When the poor one called out, the LORD heard,
and from all his distress he saved him.
The angel of the LORD encamps
around those who fear him, and delivers them.
Fear the LORD, you his holy ones,
for nought is lacking to those who fear him.
The great grow poor and hungry;
but those who seek the LORD want for no good thing.
Come, children, hear me;
I will teach you the fear of the LORD.
Which of you desires life,
and takes delight in prosperous days?
(Psalm 34:7-8, 10-11, 12-13)
34:7–10. Using a military metaphor and recalling the angel of the Lord who saved his forebears (cf. Gen 32:3; Ex 14:19–20), the psalmist proclaims that God continues to aid man (v. 7), and invites his listeners to taste God’s goodness for themselves by having recourse to him. The “young lions” (v.10): that is what the Hebrew says; the Greek translates it as “rich”; their fate is similarly described in the praise of God sung by the Blessed Virgin in the house of St Elizabeth: “the rich he has sent empty away” (Lk 1:53), a confirmation that God withdraws his grace from those who are self-sufficient, whereas he bestows it on the humble, and did so in an entirely exceptional way in the case of Mary.
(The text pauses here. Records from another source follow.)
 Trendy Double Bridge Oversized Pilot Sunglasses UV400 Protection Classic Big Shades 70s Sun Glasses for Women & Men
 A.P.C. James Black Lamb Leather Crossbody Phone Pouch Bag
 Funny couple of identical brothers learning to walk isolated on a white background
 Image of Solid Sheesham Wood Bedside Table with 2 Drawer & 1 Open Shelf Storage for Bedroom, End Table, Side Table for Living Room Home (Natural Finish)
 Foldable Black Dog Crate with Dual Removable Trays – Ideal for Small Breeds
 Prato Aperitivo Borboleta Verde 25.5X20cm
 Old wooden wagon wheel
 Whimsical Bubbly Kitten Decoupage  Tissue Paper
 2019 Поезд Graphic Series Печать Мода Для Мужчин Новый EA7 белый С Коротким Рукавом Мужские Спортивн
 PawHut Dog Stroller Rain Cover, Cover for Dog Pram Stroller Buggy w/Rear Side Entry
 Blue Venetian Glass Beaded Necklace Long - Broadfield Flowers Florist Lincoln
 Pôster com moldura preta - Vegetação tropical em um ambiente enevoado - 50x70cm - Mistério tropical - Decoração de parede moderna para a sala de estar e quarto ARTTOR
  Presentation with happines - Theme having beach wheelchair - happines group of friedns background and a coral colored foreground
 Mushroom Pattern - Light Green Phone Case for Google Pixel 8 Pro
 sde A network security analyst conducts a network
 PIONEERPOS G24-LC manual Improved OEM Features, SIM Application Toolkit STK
34:11–14. To reinforce his invitation, the psalmist projects himself as a teacher of wisdom who instructs people on how to be good (v. 11; cf. Prov 1:8; 2:1; etc.). This is the only instance of this mode of writing in a psalm of praise. The teaching outlined in vv. 12–14 is adopted word for word in the first letter of St Peter when he exhorts Christians not to return evil for evil, but always to speak well of others (cf. 1 Pet 3:8–12). That is how those act who “seek peace” (v. 14) and whom our Lord calls “blessed” (Mt 5:9).
The psalm holds the two dimensions together as essentials of biblical faith. Neither can be surrendered, because God is holy and loving. It is true that avoidance of evil and love of good makes for life. It is true that the LORD delivers the righteous who call on him in all of their troubles. Merit and need, reward and salvation are structures of the relation between God and human beings. Faith lives in terms of both without ever reaching an easy equivalence and leaves the working out of it all to God.
– James Mays
May the virtues of faith, hope, and love go with you today – DV.